JSON key Env key(s) Type Default Constraints Summary
reranking.rerank_input_snippet_chars RERANK_INPUT_SNIPPET_CHARS int 700 ≥ 200, ≤ 2000 Snippet chars for reranking input
reranking.reranker_cloud_model RERANKER_CLOUD_MODEL str "rerank-v3.5" Cloud reranker model name when mode=cloud (Cohere: rerank-v3.5)
reranking.reranker_cloud_provider RERANKER_CLOUD_PROVIDER str "cohere" Cloud reranker provider when mode=cloud (cohere, voyage, jina)
reranking.reranker_cloud_top_n RERANKER_CLOUD_TOP_N int 50 ≥ 1, ≤ 200 Number of candidates to rerank (cloud mode)
reranking.reranker_mode RERANKER_MODE str "none" pattern=^(cloud|local|learning|none)$ Reranker mode: 'cloud' (Cohere/Voyage/Jina API), 'learning' (MLX Qwen3 LoRA learning reranker), 'none' (disabled). Legacy values 'local'/'hf' normalize to 'learning'.
reranking.reranker_timeout RERANKER_TIMEOUT int 10 ≥ 5, ≤ 60 Reranker API timeout (seconds)
reranking.tribrid_reranker_alpha TRIBRID_RERANKER_ALPHA float 0.7 ≥ 0.0, ≤ 1.0 Blend weight for reranker scores
reranking.tribrid_reranker_batch TRIBRID_RERANKER_BATCH int 16 ≥ 1, ≤ 128 Reranker batch size
reranking.tribrid_reranker_maxlen TRIBRID_RERANKER_MAXLEN int 512 ≥ 128, ≤ 2048 Max token length for reranker
reranking.tribrid_reranker_reload_on_change TRIBRID_RERANKER_RELOAD_ON_CHANGE int 0 ≥ 0, ≤ 1 Hot-reload on model change
reranking.tribrid_reranker_reload_period_sec TRIBRID_RERANKER_RELOAD_PERIOD_SEC int 60 ≥ 10, ≤ 600 Reload check period (seconds)
reranking.tribrid_reranker_topn TRIBRID_RERANKER_TOPN int 50 ≥ 10, ≤ 200 Number of candidates to rerank (learning mode)

Details (glossary)

reranking.rerank_input_snippet_chars (RERANK_INPUT_SNIPPET_CHARS) — Rerank Snippet Length

Category: reranking

RERANK_INPUT_SNIPPET_CHARS caps how many characters from each retrieved chunk are forwarded into reranker scoring. In implementation terms, this is a throughput and quality guardrail: smaller snippets reduce request size and latency, but risk truncating decisive evidence; larger snippets preserve context at the cost of higher tokenization load, longer inference, and potentially provider-side input-limit errors. The right value should be based on corpus structure and query style, then validated with offline ranking metrics plus p95 latency and cost tracking so you can find the smallest snippet size that preserves relevance quality.

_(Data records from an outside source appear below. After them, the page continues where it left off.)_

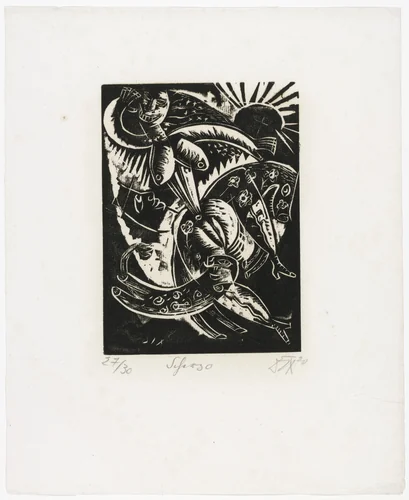 Scherzo from the portfolio Nine Woodcuts (Neun Holzschnitte) by Otto Dix, print, 1920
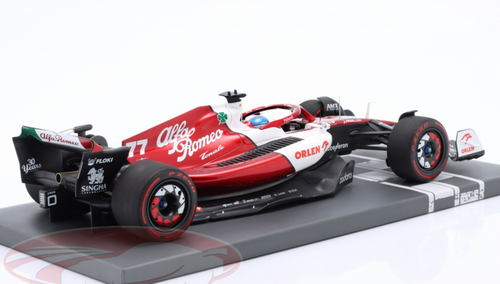 1/18 Minichamps 2022 Formula 1 Valtteri Bottas Alfa Romeo C42 #77 6th Bahrain GP Car Model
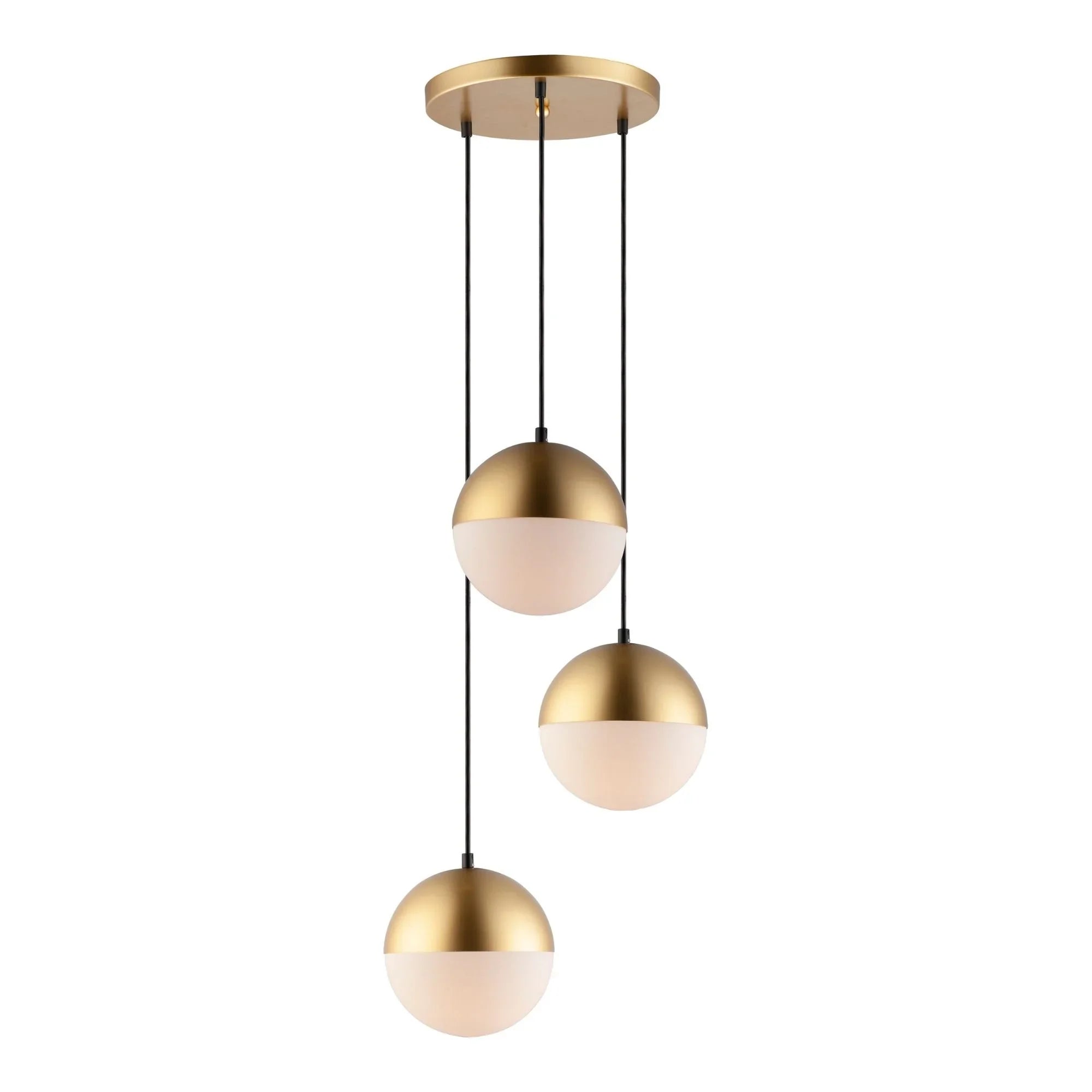 ET2 Lighting - Half Moon 17" 3-Light LED Pendant, Metallic Gold Finish | Bees Lighting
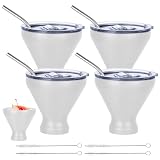 FELISTORY Stainless Steel Martini Glasses with Lids and Straws, Martini Glasses Set of 4, Perfect for Home Bar, Beach, and Picnics, Quality Double-Wal, 14 Oz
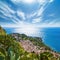 Aerial view of Taormina, east coast of Sicily, Italy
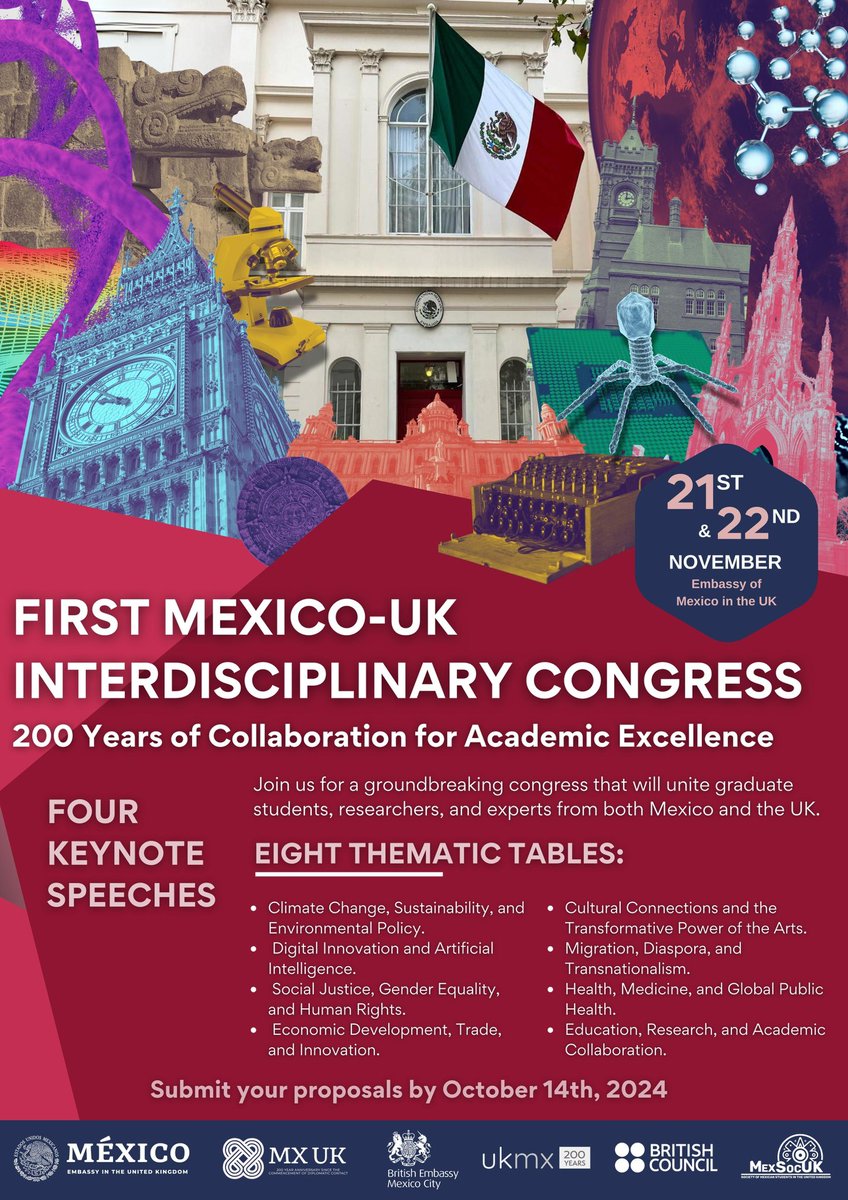 Josefa Gonzalez Blanco (she-her) (@josefagbom) on Twitter photo Thrilled to announce the 𝐅𝐢𝐫𝐬𝐭 𝐌𝐞𝐱𝐢𝐜𝐨-𝐔𝐊 𝐈𝐧𝐭𝐞𝐫𝐝𝐢𝐬𝐜𝐢𝐩𝐥𝐢𝐧𝐚𝐫𝐲 𝐂𝐨𝐧𝐠𝐫𝐞𝐬𝐬: 200 𝙔𝙚𝙖𝙧𝙨 𝙤𝙛 𝘾𝙤𝙡𝙡𝙖𝙗𝙤𝙧𝙖𝙩𝙞𝙤𝙣 𝙛𝙤𝙧 𝘼𝙘𝙖𝙙𝙚𝙢𝙞𝙘 𝙀𝙭𝙘𝙚𝙡𝙡𝙚𝙣𝙘𝙚! 🇲🇽🤝🇬🇧
In partnership with <a href="/UKinMexico/">UK in Mexico🇬🇧🇲🇽</a>, <a href="/mxbritish/">British Council</a> & <a href="/MexSoc_UK/">Society of Mexican Students in the United Kingdom</a>, we invite Thrilled to announce the 𝐅𝐢𝐫𝐬𝐭 𝐌𝐞𝐱𝐢𝐜𝐨-𝐔𝐊 𝐈𝐧𝐭𝐞𝐫𝐝𝐢𝐬𝐜𝐢𝐩𝐥𝐢𝐧𝐚𝐫𝐲 𝐂𝐨𝐧𝐠𝐫𝐞𝐬𝐬: 200 𝙔𝙚𝙖𝙧𝙨 𝙤𝙛 𝘾𝙤𝙡𝙡𝙖𝙗𝙤𝙧𝙖𝙩𝙞𝙤𝙣 𝙛𝙤𝙧 𝘼𝙘𝙖𝙙𝙚𝙢𝙞𝙘 𝙀𝙭𝙘𝙚𝙡𝙡𝙚𝙣𝙘𝙚! 🇲🇽🤝🇬🇧
In partnership with <a href="/UKinMexico/">UK in Mexico🇬🇧🇲🇽</a>, <a href="/mxbritish/">British Council</a> & <a href="/MexSoc_UK/">Society of Mexican Students in the United Kingdom</a>, we invite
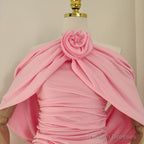 Sexy Sheath Halter Pink Floral Holiday Dress Travel Vacation Dresses Short Birthday Dress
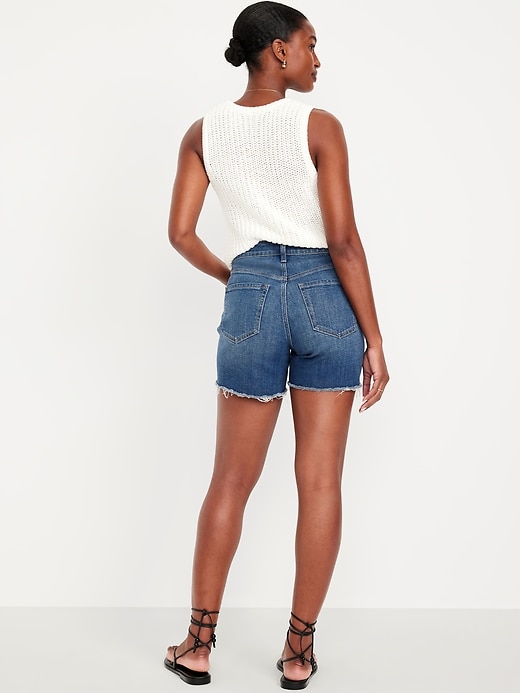 Image number 3 showing, Curvy High-Waisted OG Jean Cut-Off Shorts -- 5-inch inseam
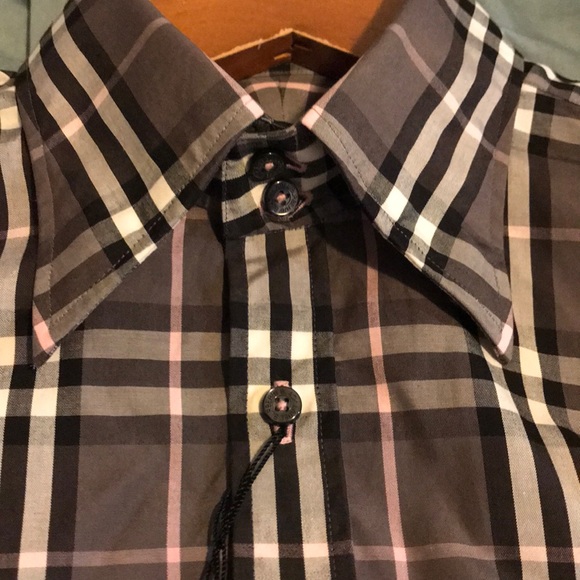 Authentic Burberry Dark Gray, pink plaid Shirt - Picture 3 of 8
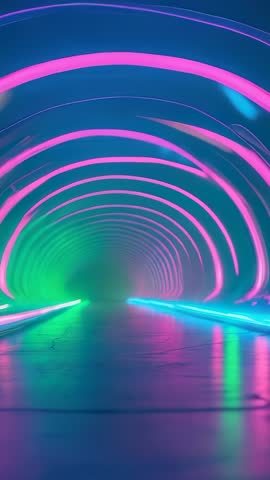 Vertical neon tunnel moving through pulsing LED strips, vibrant futuristic cyber corridor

Badges: - Affects latency/cost - Context guardrail

Links: - BAR-RAG: Boundary-Aware Adaptive Retrieval for Better Reranking (arXiv) - Cohere Rerank Overview - Voyage AI Reranker Docs - Hugging Face Padding and Truncation

reranking.reranker_cloud_model (RERANKER_CLOUD_MODEL) — Cloud Model

Category: reranking

Specifies the provider model ID used for cloud reranking, such as a Cohere, Voyage, or Jina reranker family variant. This parameter directly controls tradeoffs between multilingual support, context length handling, pricing, and latency. Model IDs are provider-scoped, so the same string is not portable across providers; keep explicit provider-model pairing in configuration and tests. When changing models, re-baseline ranking metrics and failure behavior because score distributions and calibration can shift materially even when APIs look identical.

Badges: - Provider-scoped

Links: - InsertRank: Bias Mitigation in Rerankers (arXiv 2025) - Cohere Models Documentation - Voyage AI Reranker Docs - Jina Reranker v2 Model Card

reranking.reranker_cloud_provider (RERANKER_CLOUD_PROVIDER) — Cloud Rerank Provider

Category: reranking

Determines which external vendor handles reranking when cloud mode is enabled. Provider choice affects auth, rate limits, billing units, token limits, and model availability, so swapping providers is a behavior change, not just a credential change. Keep provider-specific defaults explicit (timeouts, top-N caps, retry policy) and validate with provider-specific regression queries. For production stability, monitor provider error classes separately so fallback rules can distinguish auth/config issues from transient throttling.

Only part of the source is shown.